Americans are naturally focused on the counterinsurgency work being performed by our forces in Afghanistan and to a lesser extent in other areas of radical Islamist activity (e.g., Yemen and Pakistan). But there are many other insurgencies raging around the world and quite a few of them are primarily criminal not political. That is certainly the case in Mexico and Brazil — both countries that have seen their authority challenged by powerful gangs of drug traffickers.
Many of the same principles that apply in Afghanistan or Iraq also need to be observed in those countries. Chief among them is the importance of follow-through — the need to do not just “clear” operations but “clear, hold, and build.” That is something that U.S. forces have struggled with in the past, as have many other armed forces. Pakistan, for example, has not followed through in the Swat Valley, where its army attacked militants last year. There has been insufficient development aid or security to keep the extremists from coming back.
I fear that Brazil might be making the same mistake when I read about its army and police making a celebrated sweep through the Alemão shantytown in Rio de Janiero — an area that has long been dominated by criminal gangs. My concern stems from this detail in a New York Times account of the recent operations:
It was also unclear how long the military and the police planned to stay, or how long they could.

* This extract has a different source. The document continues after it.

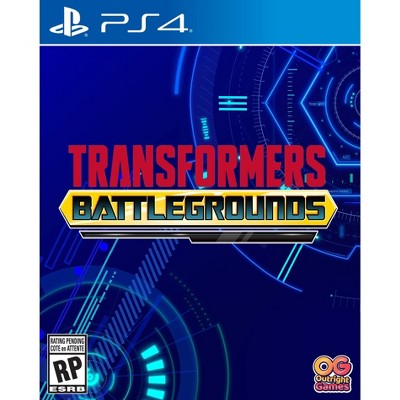 Transformers: Battlegrounds - PlayStation 4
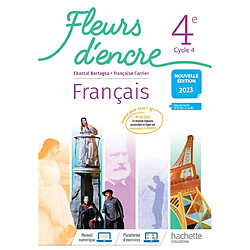 Français 4e, cycle 4 Emilie Deschellette - Stéphane Jougla - Séverine Woimant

Mr. Beltrame, Rio’s security secretary and the architect of the pacification program, has previously said that he did not expect to have enough officers to occupy either Alemão or Rocinha, another violent slum overhanging the city’s affluent South Zone, until next year.
If there are not enough forces to occupy the slum, then why bother clearing it in the first place? Odds are that the gangs will just come back and wreak vengeance on anyone who was seen as helping the forces of law and order. That, at least, has been the American experience in Iraq and Afghanistan. Countries such as Brazil would do well to study the lessons of counterinsurgency as they battle criminals on their own turf.